-- Problem statement --
Your task is to repeat the lines below exactly, excluding any pictures they contain.

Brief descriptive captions
----

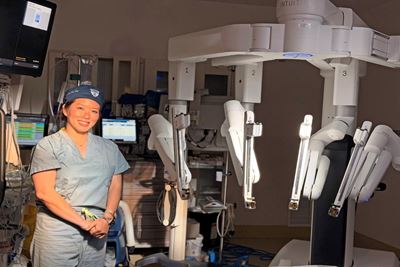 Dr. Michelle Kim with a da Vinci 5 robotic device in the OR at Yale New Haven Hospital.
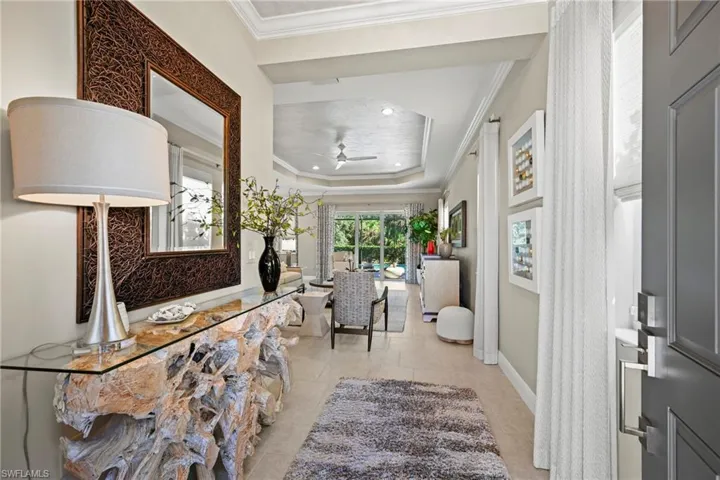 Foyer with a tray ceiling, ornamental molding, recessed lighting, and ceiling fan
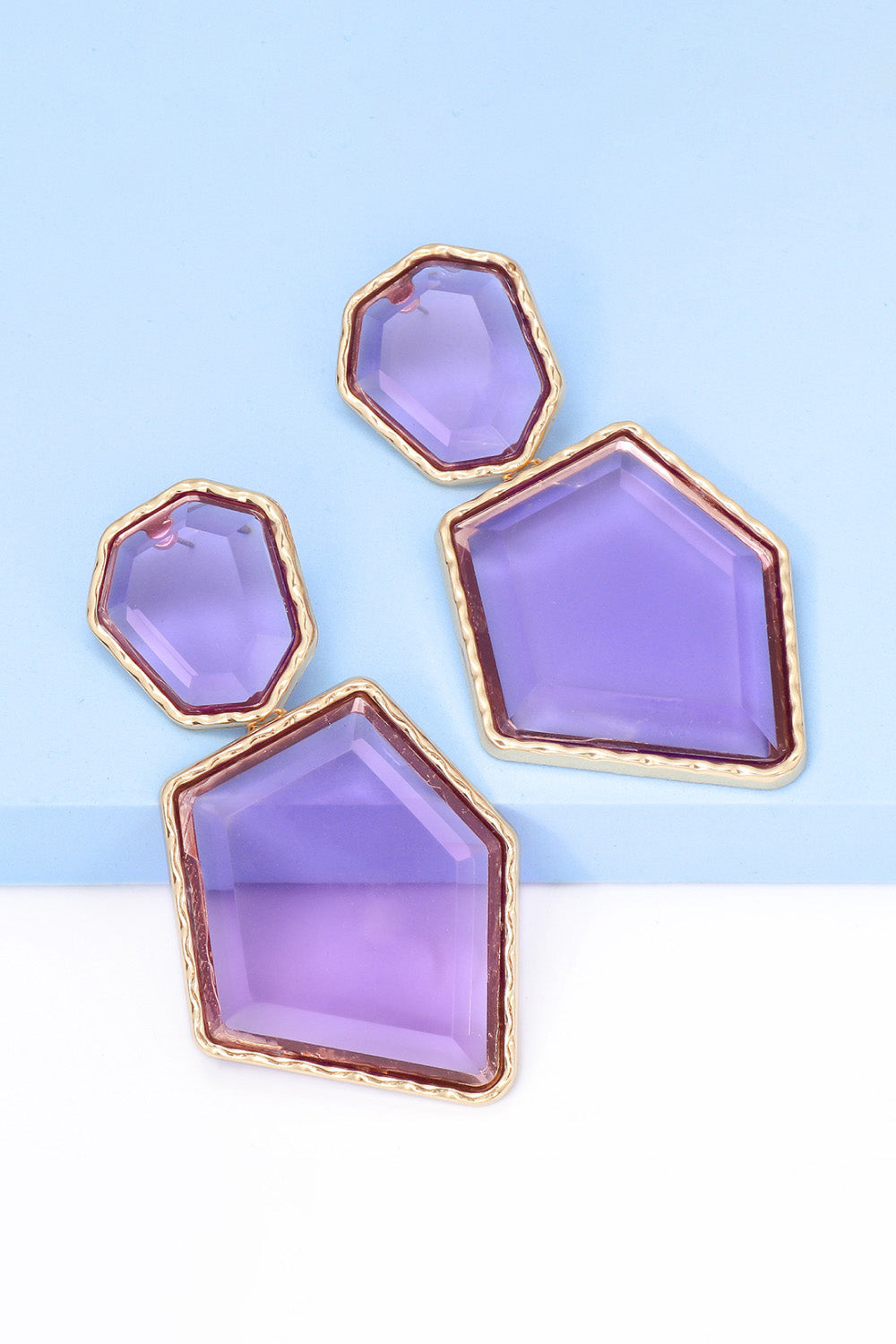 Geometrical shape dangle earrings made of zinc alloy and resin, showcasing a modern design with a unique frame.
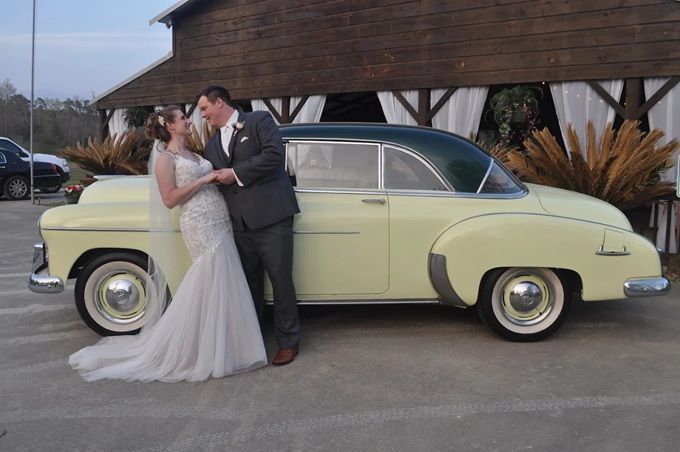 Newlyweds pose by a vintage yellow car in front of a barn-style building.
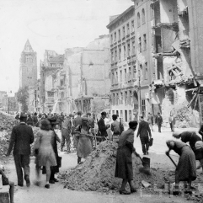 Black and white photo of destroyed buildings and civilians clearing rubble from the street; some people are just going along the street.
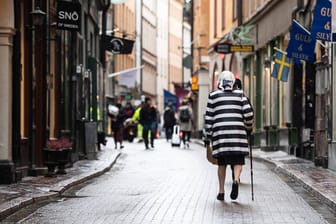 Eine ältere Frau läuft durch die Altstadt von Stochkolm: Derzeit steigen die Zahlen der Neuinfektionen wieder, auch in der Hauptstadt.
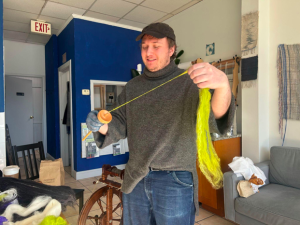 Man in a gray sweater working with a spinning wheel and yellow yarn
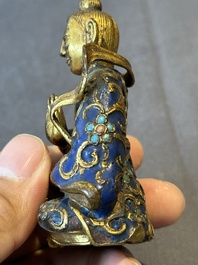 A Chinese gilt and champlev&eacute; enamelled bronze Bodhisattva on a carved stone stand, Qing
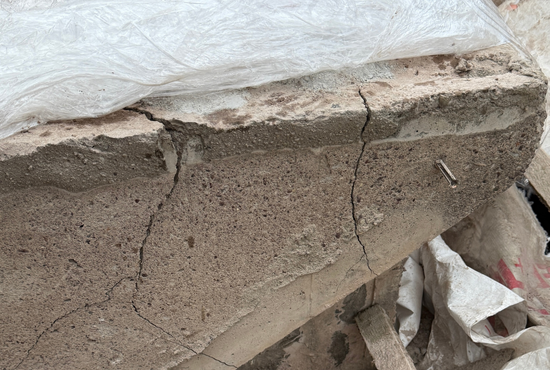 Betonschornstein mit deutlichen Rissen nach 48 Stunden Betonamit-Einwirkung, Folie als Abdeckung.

----

-- Solution --
 Dr. Michelle Kim with a da Vinci 5 robotic device in the OR at Yale New Haven Hospital.
 Foyer with a tray ceiling, ornamental molding, recessed lighting, and ceiling fan
 Geometrical shape dangle earrings made of zinc alloy and resin, showcasing a modern design with a unique frame.
 Newlyweds pose by a vintage yellow car in front of a barn-style building.
 Black and white photo of destroyed buildings and civilians clearing rubble from the street; some people are just going along the street.
 Eine ältere Frau läuft durch die Altstadt von Stochkolm: Derzeit steigen die Zahlen der Neuinfektionen wieder, auch in der Hauptstadt.
 Man in a gray sweater working with a spinning wheel and yellow yarn
 A Chinese gilt and champlev&eacute; enamelled bronze Bodhisattva on a carved stone stand, Qing
 Betonschornstein mit deutlichen Rissen nach 48 Stunden Betonamit-Einwirkung, Folie als Abdeckung.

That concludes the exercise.